P4DTI issue job000827

TitleP4DTI test suite with PyXML 0.8.3 fails without XHTML DTD file
Statusclosed
Priorityessential
Assigned userNick Barnes
OrganizationRavenbrook
DescriptionThe P4DTI test suite uses Python's XML libraries and PyXML extensions to check the XHTML documentation which forms part of the P4DTI product sources (e.g. manuals, design documents, etc). When used with PyXML 0.8.3 (unlike PyXML 0.7.x), this part of the test suite fails because it can't the XHTML DTD named in the doctype element.
The failure is reported in various ways, but the underlying error is this:
ValueError: unknown url type: /tmp/DTD/xhtml1-transitional.dtd
AnalysisA full backtrace of the failure looks like this:
 File "check_xhtml.py", line 1054, in check
   xml.sax.parse(path_or_stream, self, self)

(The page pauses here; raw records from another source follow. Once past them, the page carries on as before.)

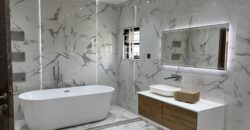 4bedroom with a boysquarters and a swimming pool for sale at school junction Botwe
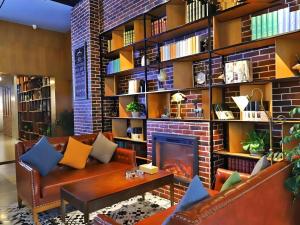 a living room with a couch and a fireplace at James Joyce Coffetel Guangyuan High-Speed Railway Station Dongba Municipal Government in Guangyuan
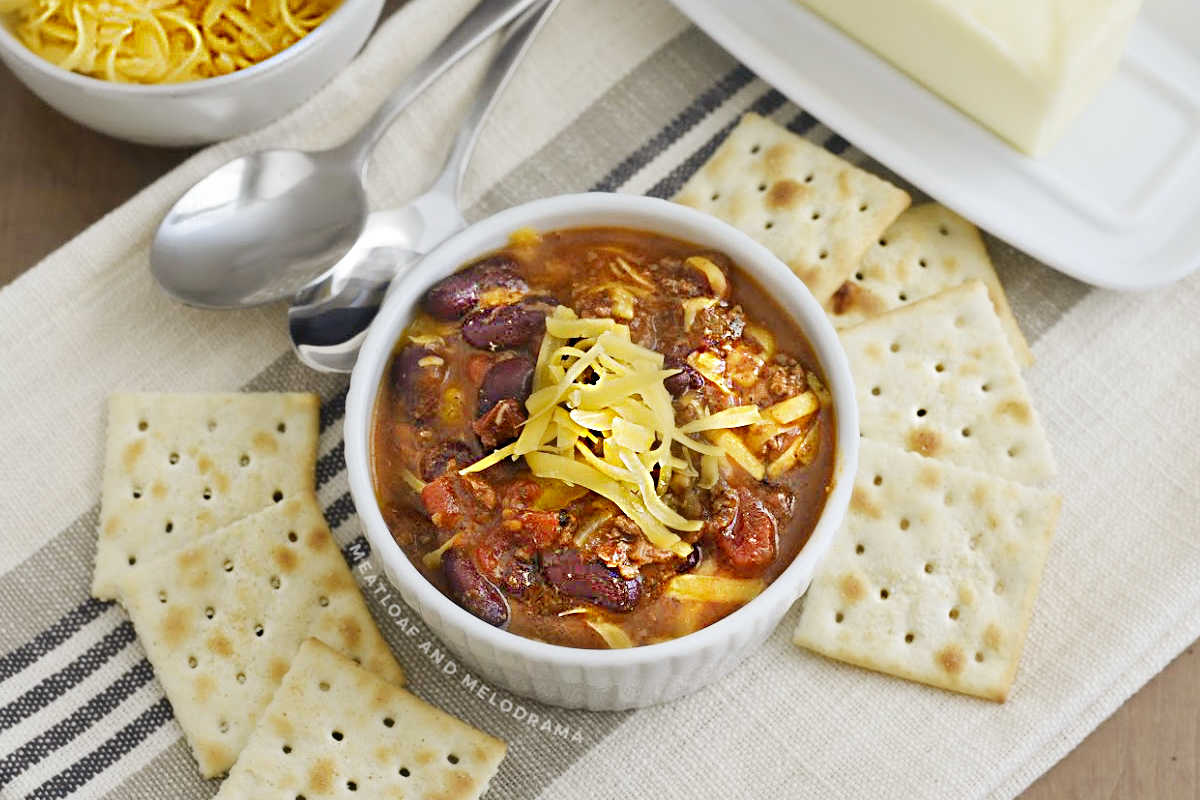 bowl of instant pot chili in white bowl with cheese and saltine crackers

 File "/usr/local/lib/python2.2/site-packages/_xmlplus/sax/__init__.py", line 31, in parse
   parser.parse(filename_or_stream)
 File "/usr/local/lib/python2.2/site-packages/_xmlplus/sax/expatreader.py", line 109, in parse
   xmlreader.IncrementalParser.parse(self, source)

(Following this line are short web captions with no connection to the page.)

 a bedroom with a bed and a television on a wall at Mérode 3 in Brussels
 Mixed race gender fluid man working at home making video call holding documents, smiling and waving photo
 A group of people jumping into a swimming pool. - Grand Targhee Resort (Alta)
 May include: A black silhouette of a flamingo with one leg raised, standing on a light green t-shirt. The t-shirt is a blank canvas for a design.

 File "/usr/local/lib/python2.2/site-packages/_xmlplus/sax/xmlreader.py", line 123, in parse
   self.feed(buffer)
 File "/usr/local/lib/python2.2/site-packages/_xmlplus/sax/expatreader.py", line 216, in feed
   self._parser.Parse(data, isFinal)
 File "/usr/local/lib/python2.2/site-packages/_xmlplus/sax/expatreader.py", line 395, in external_entity_ref
   self._source.getSystemId() or
 File "/usr/local/lib/python2.2/site-packages/_xmlplus/sax/saxutils.py", line 515, in prepare_input_source
   f = urllib2.urlopen(source.getSystemId())

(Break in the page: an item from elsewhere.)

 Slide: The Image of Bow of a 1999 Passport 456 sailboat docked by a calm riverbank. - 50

 File "/usr/local/lib/python2.2/urllib2.py", line 138, in urlopen
   return _opener.open(url, data)
 File "/usr/local/lib/python2.2/urllib2.py", line 320, in open
   type_ = req.get_type()
 File "/usr/local/lib/python2.2/urllib2.py", line 224, in get_type
   raise ValueError, "unknown url type: %s" % self.__original
ValueError: unknown url type: /tmp/DTD/xhtml1-transitional.dtd
The problem is that the default XML parser (expatreader) provided by the PyXML library wants to access the DTD entity. In principle this is controllable by setting a parameter _parser.SetParamEntityParsing() or by a parser feature switch (xml.sax.make_parser().setFeature(xml.sax.handler.feature_external_ges, 0).
Note that the XML parser doesn't care about the content of the DTD. The actual parsing is driven by the XML SAX handler which we provide. Providing an empty file in the location DTD/xhtml1-transitional.dtd fixes this problem, but it is better to turn off this parsing feature.
How foundautomated_test
EvidenceRun the test!
Observed in2.0.0
Introduced in1.1.4
Created byNick Barnes
Created on2003-12-02 15:01:06
Last modified byNick Barnes
Last modified on2003-12-02 15:05:12
History2003-12-02 NB Created.

Fixes

Change Effect Date User Description
66825 closed 2003-12-02 15:04:55 Nick Barnes Explicitly make an XML parser when we parse, so that we can turn off external entity reading.